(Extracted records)

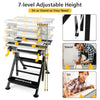 Folding Work Table Portable Workbench with Tiltable Platform-Black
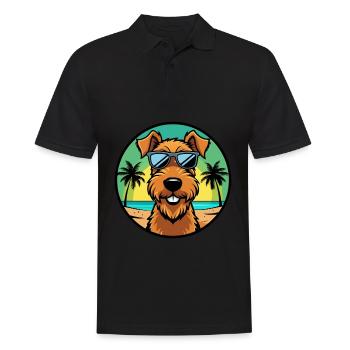 Airedale Terrier Hunderasse Cartoon Sonnenbrille Strand - Männer Poloshirt - Schwarz - Vorne - Kai (181cm)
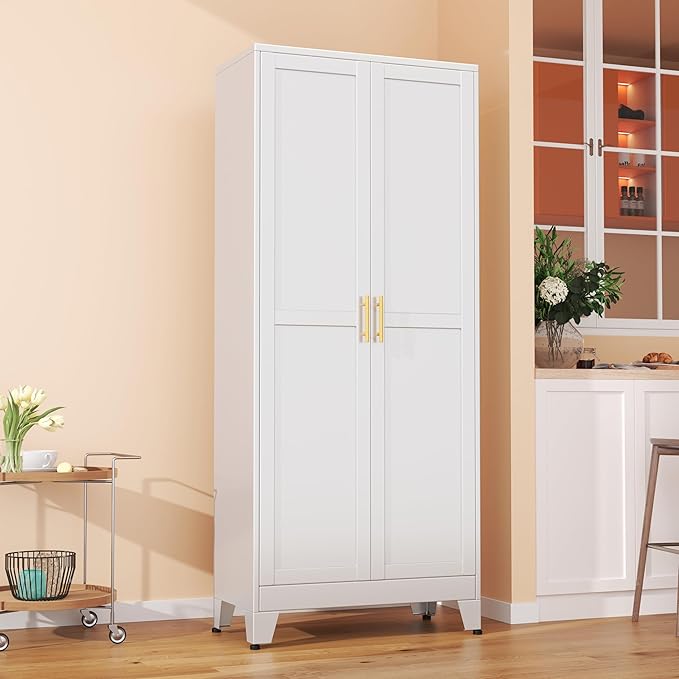 winiowa Metal Pantry Cabinet with 2 Doors and Adjustable Shelves - 71" Kitchen Storage Cabinet with Gold Handles - Versatile Storage for Kitchen, Bathroom, Dining Room, Utility Room - White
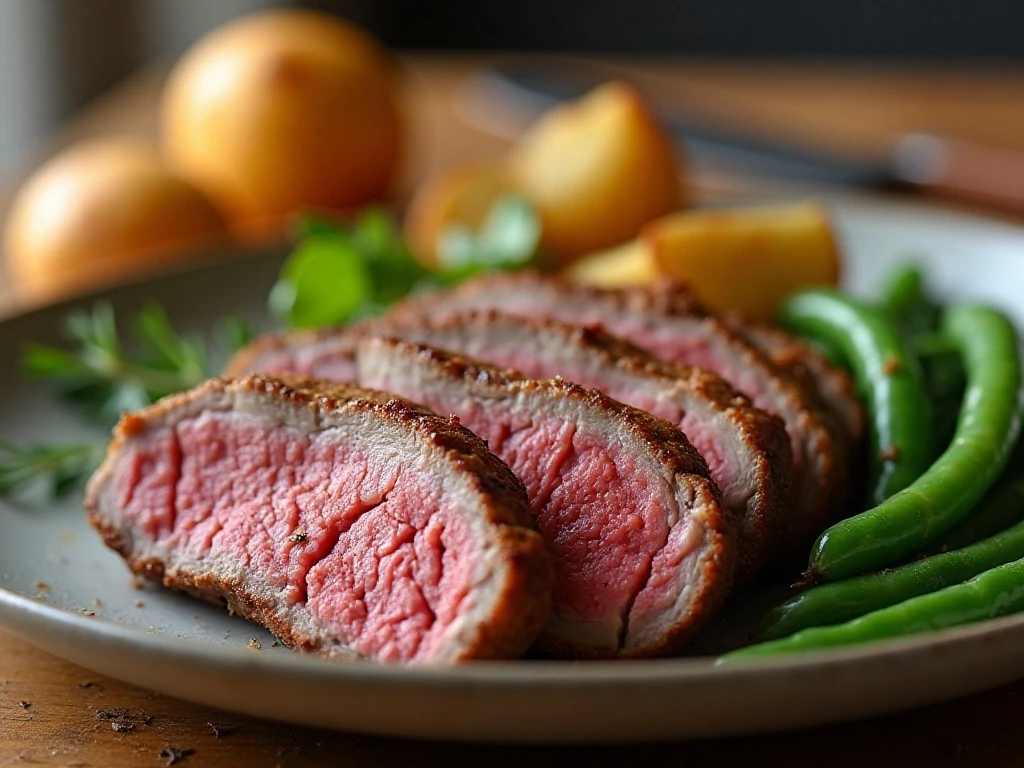 Tender sliced London broil served with roasted potatoes and green beans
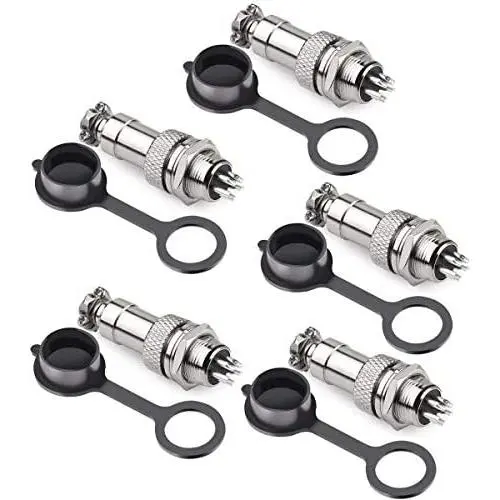 DIYhz GX12 5 Pins Panel Metal Mount Circular Metal Aviation Connector Adapter Male Female Plug Socket with Waterproof Cap (5 Pcs) DIYhz GX12 5 Pins Panel Metal Mount Circular Metal Aviation Connector Adapter Male Female Plug Socket with Waterproof Cap (5 Pcs)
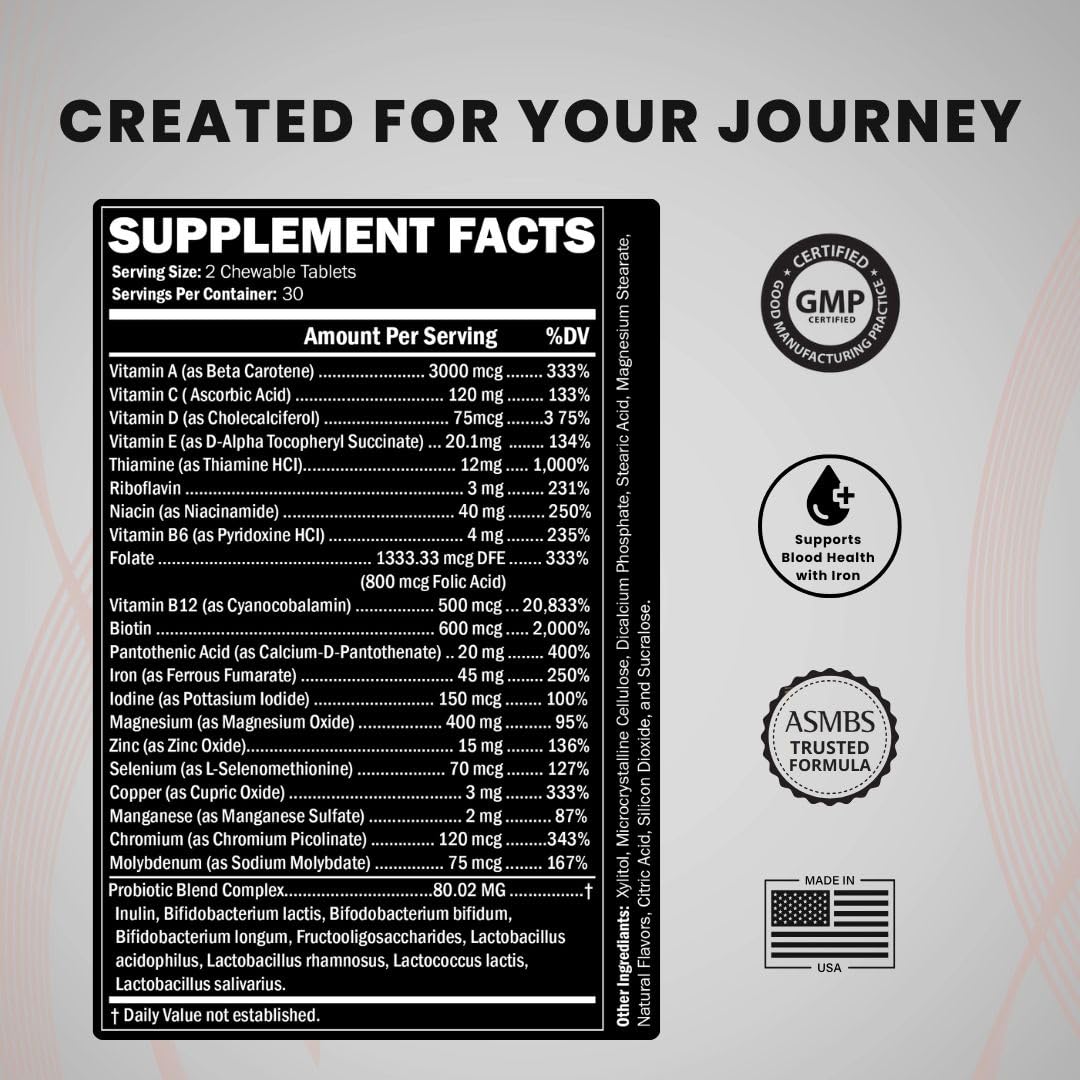 Journey Bariatric Vitamins Bariatric Multivitamin with Probiotics & Iron Chewable 60 Count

▸ **PROBLEM**: Print each entry above verbatim, pictures left out.

▸ **EXERCISE ANSWER**:
 Folding Work Table Portable Workbench with Tiltable Platform-Black
 Airedale Terrier Hunderasse Cartoon Sonnenbrille Strand - Männer Poloshirt - Schwarz - Vorne - Kai (181cm)
 winiowa Metal Pantry Cabinet with 2 Doors and Adjustable Shelves - 71" Kitchen Storage Cabinet with Gold Handles - Versatile Storage for Kitchen, Bathroom, Dining Room, Utility Room - White
 Tender sliced London broil served with roasted potatoes and green beans
 DIYhz GX12 5 Pins Panel Metal Mount Circular Metal Aviation Connector Adapter Male Female Plug Socket with Waterproof Cap (5 Pcs) DIYhz GX12 5 Pins Panel Metal Mount Circular Metal Aviation Connector Adapter Male Female Plug Socket with Waterproof Cap (5 Pcs)
 Journey Bariatric Vitamins Bariatric Multivitamin with Probiotics & Iron Chewable 60 Count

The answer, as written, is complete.